Socialists give a completely different answer based upon an incomparably more penetrating, correct, and comprehensive analysis of the movement of history, the structure of capitalism, and the struggles presently agitating the world around us. The historical function of capitalism is not to perpetuate itself indefinitely but to create the conditions and prepare the forces that will bring about its own replacement by a more efficient form of material production and a higher type of social organization. Just as capitalism supplanted feudalism and slavery, and civilization swept aside savagery and barbarism, so the time has come for capitalism itself to be superseded. How and by whom is this revolutionary transformation to be effected?

In the last century, Marx made a scientific analysis of the workings of the capitalist system which explained how its inner contradictions would bring about its downfall. The revolutions of our own century since 1917 are demonstrating in real life that capitalism is due to be relegated to the museum of antiquities. It is worthwhile to understand the inexorable underlying causes of these developments, which appear so inexplicable and abhorrent to the upholders of the capitalist system.

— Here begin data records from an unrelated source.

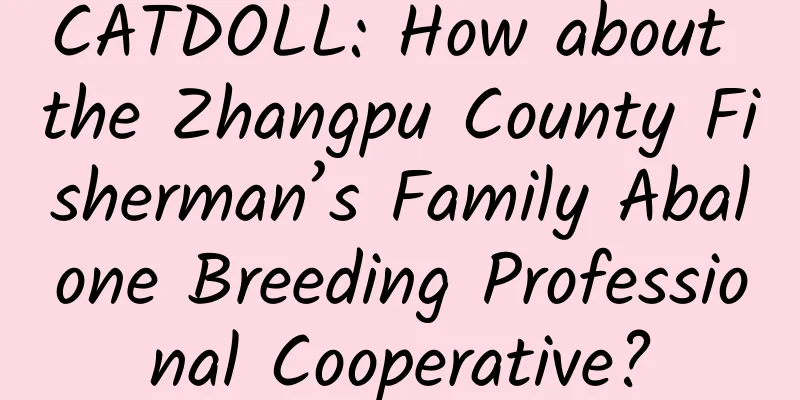 CATDOLL: How about the Zhangpu County Fisherman’s Family Abalone Breeding Professional Cooperative?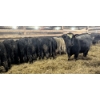 Image 2 : Ferme bovine au reflet des vosges SENC - 20 Mâles castrés 753 lb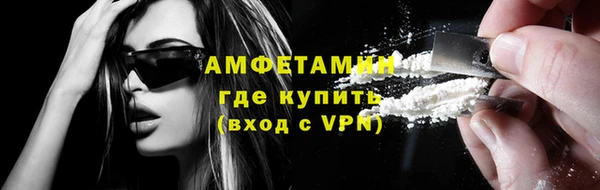 шишки Гусь-Хрустальный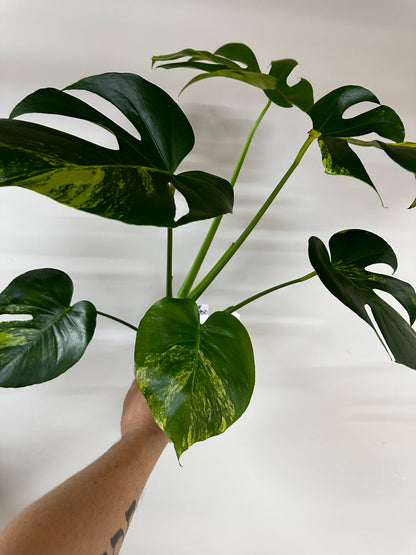 Monstera Deliciosa Large Form Aurea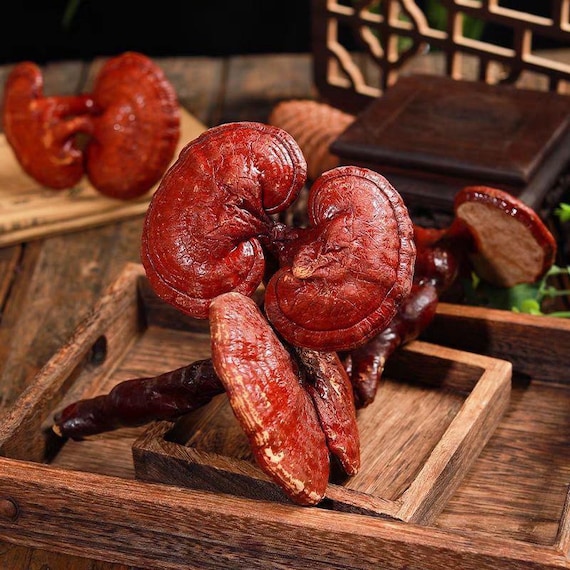 Organic Reishi Mushroom, Dried and Sliced, Ganoderma Lucidum, Herb for Wellness, Adaptogen, Spiritual Mushroom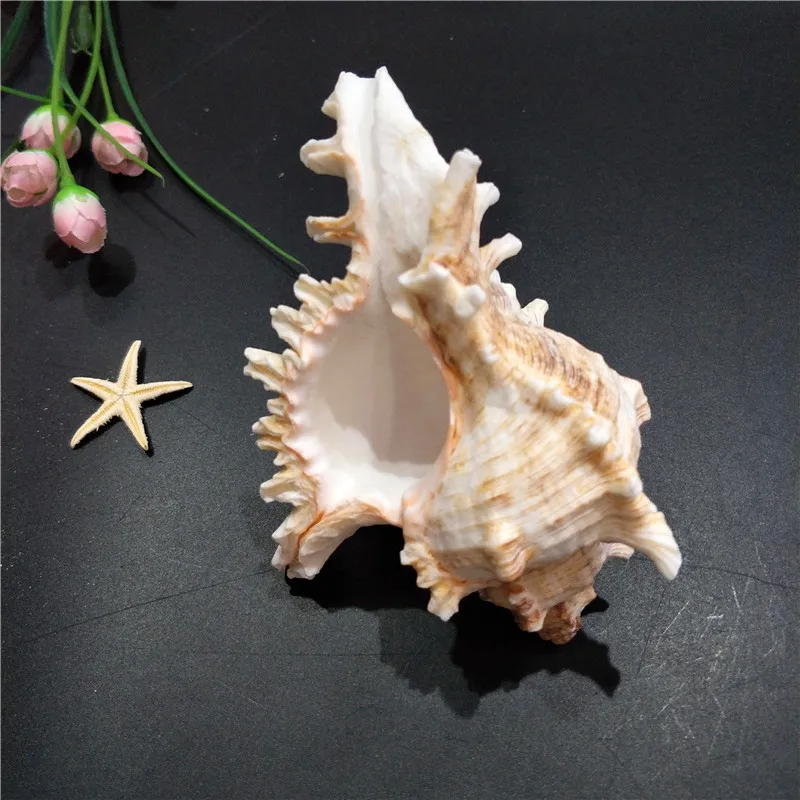 Natural Shell Ornaments Kirin Snail Natural Conch Shell Thousand Hand Snail Landscape Fish Tank Landscaping Creative Home Collection Specimen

Capitalism has produced many things, good and bad, in the course of its evolution. But the most vital and valuable of all the social forces it has created is the industrial working class. The capitalist class has brought into existence a vast army of wage laborers, centralized and disciplined, and set it into motion for its own purposes, to make and operate the machines, factories, and all the other production and transportation facilities from which its profits emanate.

The exploitation and abuses, inherent and inescapable in the capitalist organization of economic life, provoke the workers time and again to organize themselves and undertake militant action to defend their elementary interests. The struggle between these conflicting social classes is today the dominant and driving force of world and American history, just as the conflict between the bourgeois-led forces against the precapitalist elements was the motivating force of history in the immediately preceding centuries.

The current struggle, which has been gathering momentum and expanding its scope for a hundred years, has entered its decisive phase on a world scale. Except for Cuba, the preliminary battles between the procapitalist and the anticapitalist forces have so far been waged to a conclusion in countries outside the Western Hemisphere. Sooner or later, however, they are bound to break out and be fought to a finish within this country, which is not only the stronghold of capitalist power but also the home of the best-organized and technically most proficient working class on this globe.

The main line of development in America, no less than the course of world history, points to such a conclusion.